**DATA EXCERPT**.
--- START ---
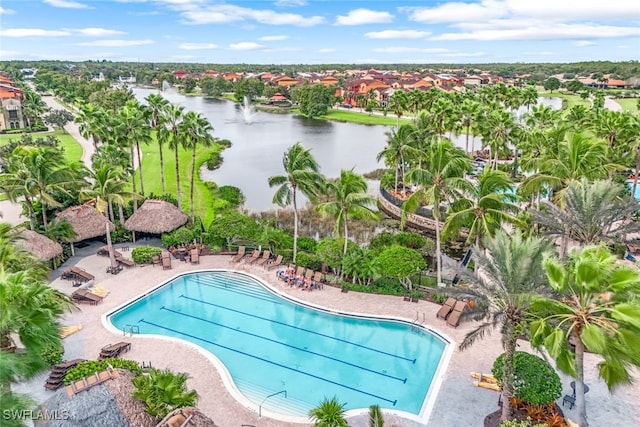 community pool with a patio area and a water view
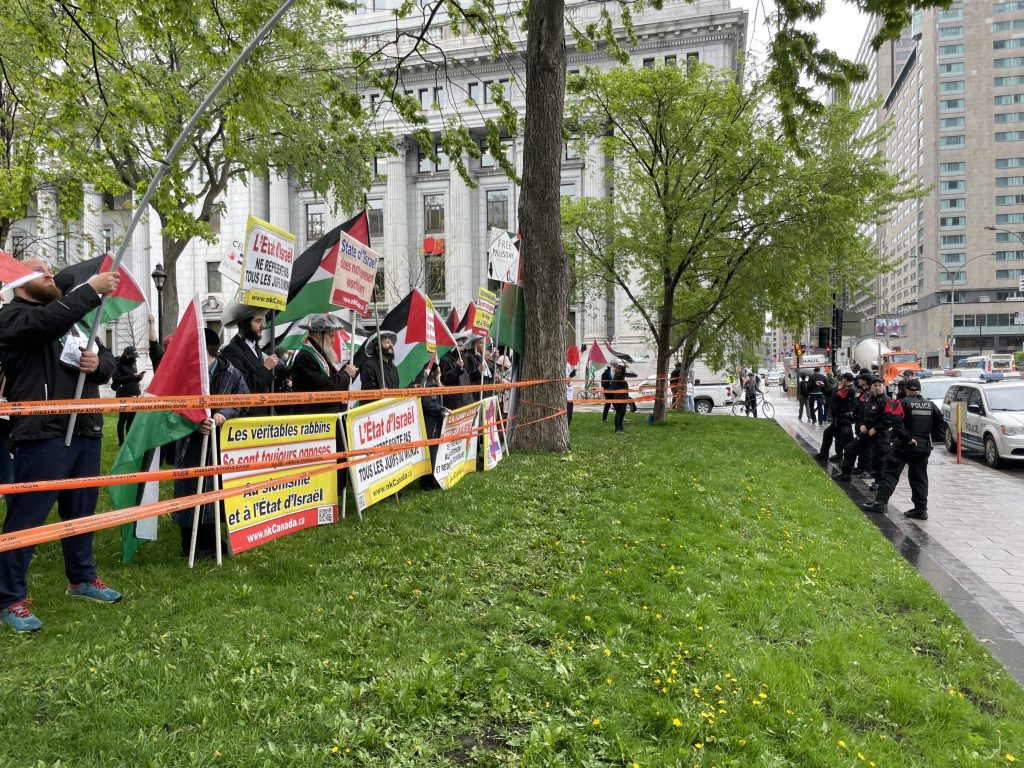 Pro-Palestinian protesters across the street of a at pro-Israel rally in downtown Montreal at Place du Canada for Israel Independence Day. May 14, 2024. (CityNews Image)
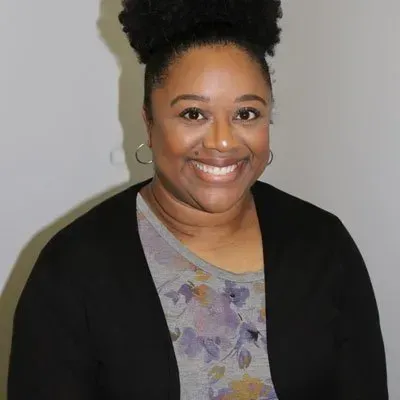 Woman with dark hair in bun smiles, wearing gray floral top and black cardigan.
--- END ---
**WHAT TO DO**.
Write the lines out word for word, starting at the one with "Pro-Palestinian protesters across" and stopping after the last line of the material above, with pictures excluded.

**RESULT OF THIS EXERCISE**.
 Pro-Palestinian protesters across the street of a at pro-Israel rally in downtown Montreal at Place du Canada for Israel Independence Day. May 14, 2024. (CityNews Image)
 Woman with dark hair in bun smiles, wearing gray floral top and black cardigan.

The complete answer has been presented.